WHAT YOU WILL DO: Please transcribe only the lines from the one holding "Aimant Joyeux anniversaire" through the final line of the data, both included, with no pictures.

DATA EXTRACT:
[Start of Attachment]
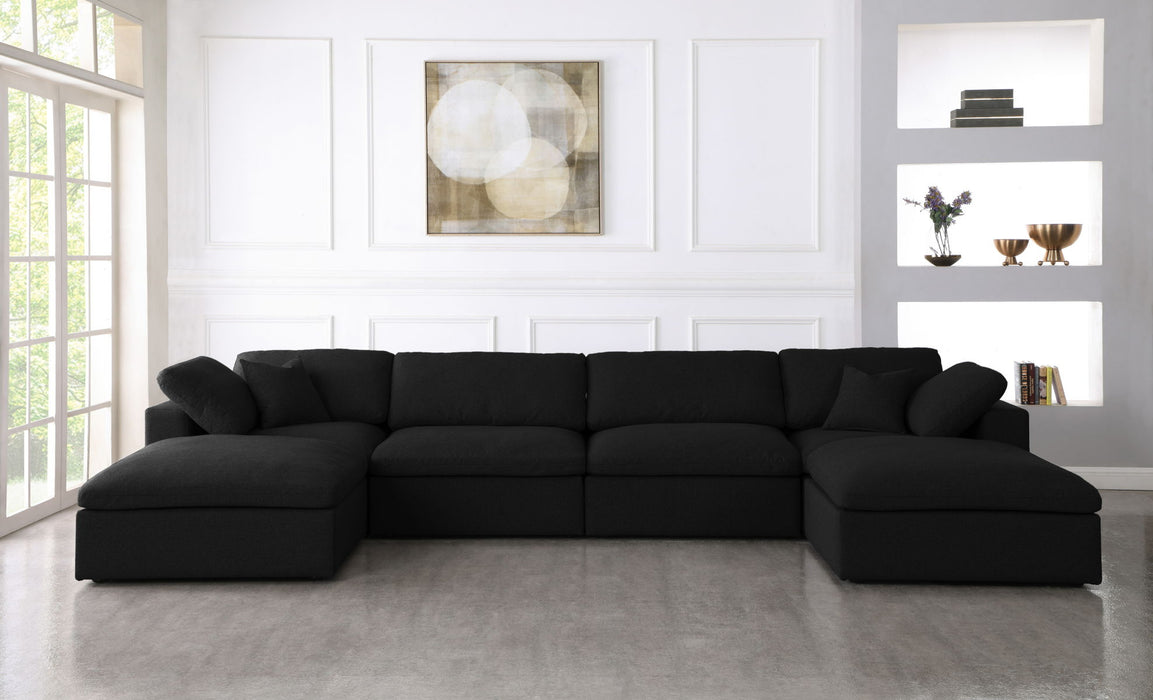 Serene - Linen Textured Fabric Deluxe Comfort Modular Sectional 6 Piece - Black - Fabric - Modern & Contemporary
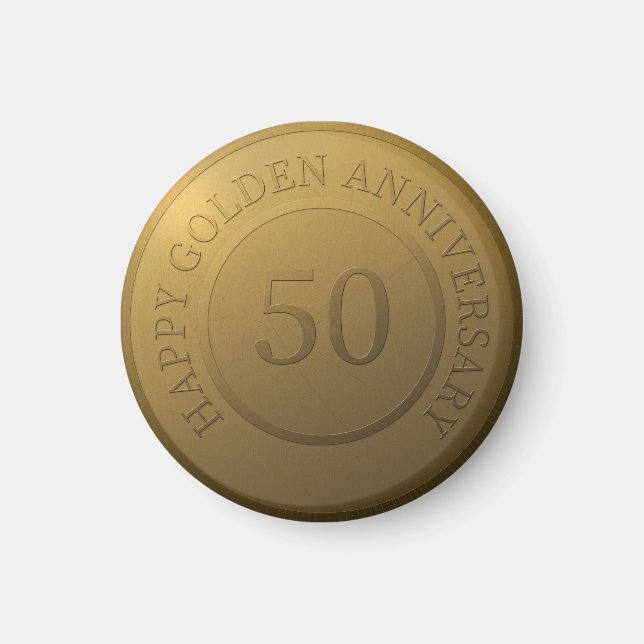 Aimant Joyeux anniversaire de mariage d'or (Devant)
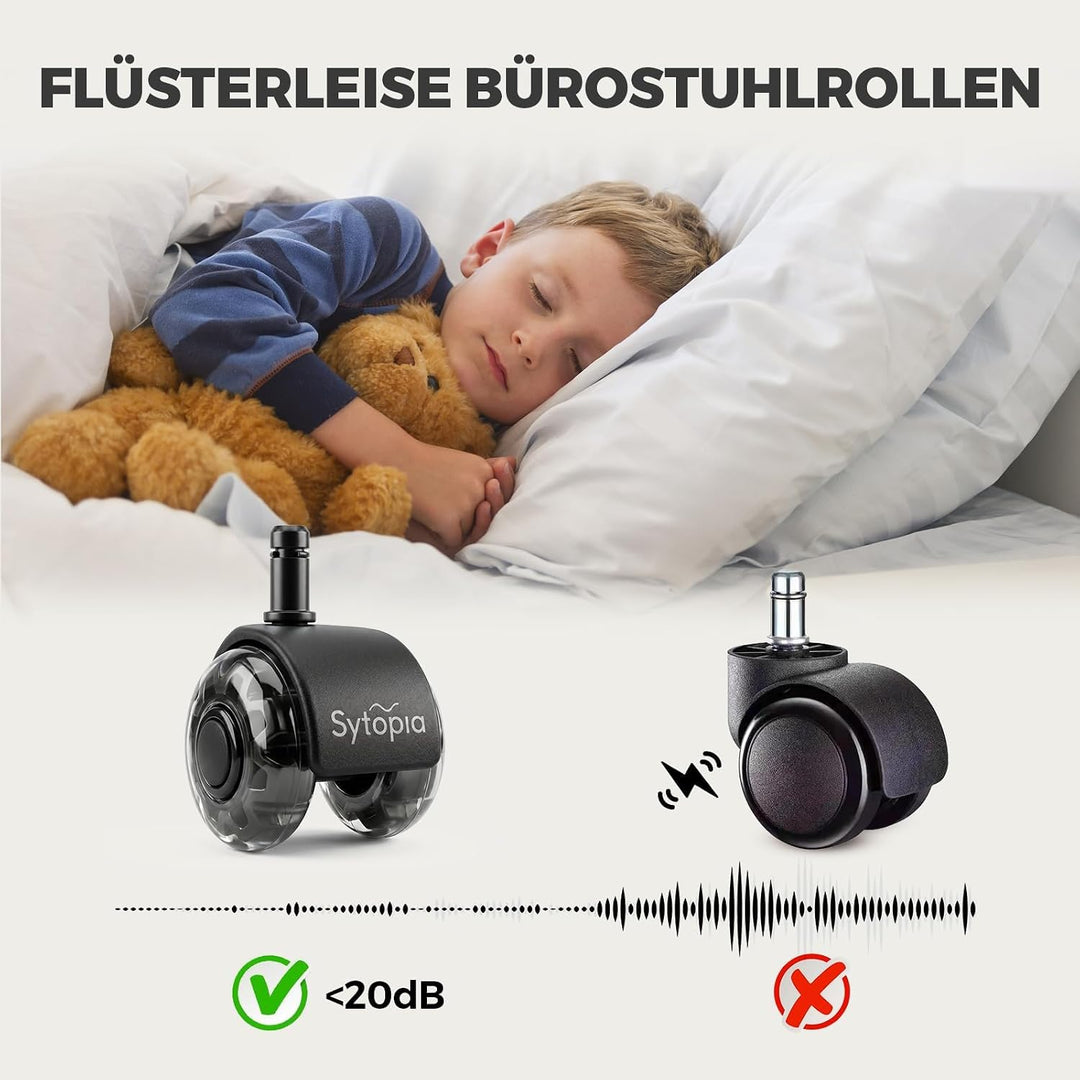 Sytopia Bürostuhl Rollen mit 10mm X 22mm Stift, 5er Set Rollen für 1KEA Bürostühle, Hartbodenrollen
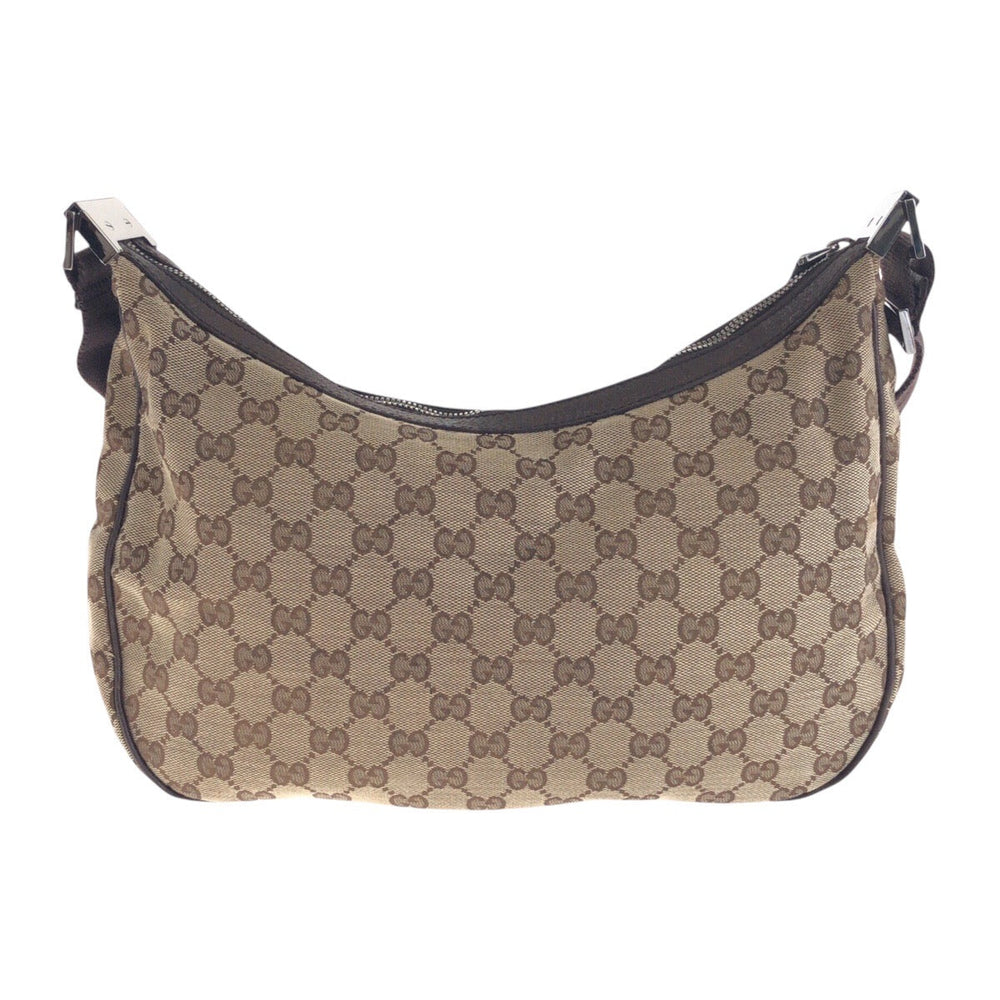 GUCCI Shoulder Bag 122790 GG canvas, leather Brown Brown Pochette Women Used Authentic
[End of Attachment]
SOLUTION FOR THIS PROBLEM:
 Aimant Joyeux anniversaire de mariage d'or (Devant)
 Sytopia Bürostuhl Rollen mit 10mm X 22mm Stift, 5er Set Rollen für 1KEA Bürostühle, Hartbodenrollen
 GUCCI Shoulder Bag 122790 GG canvas, leather Brown Brown Pochette Women Used Authentic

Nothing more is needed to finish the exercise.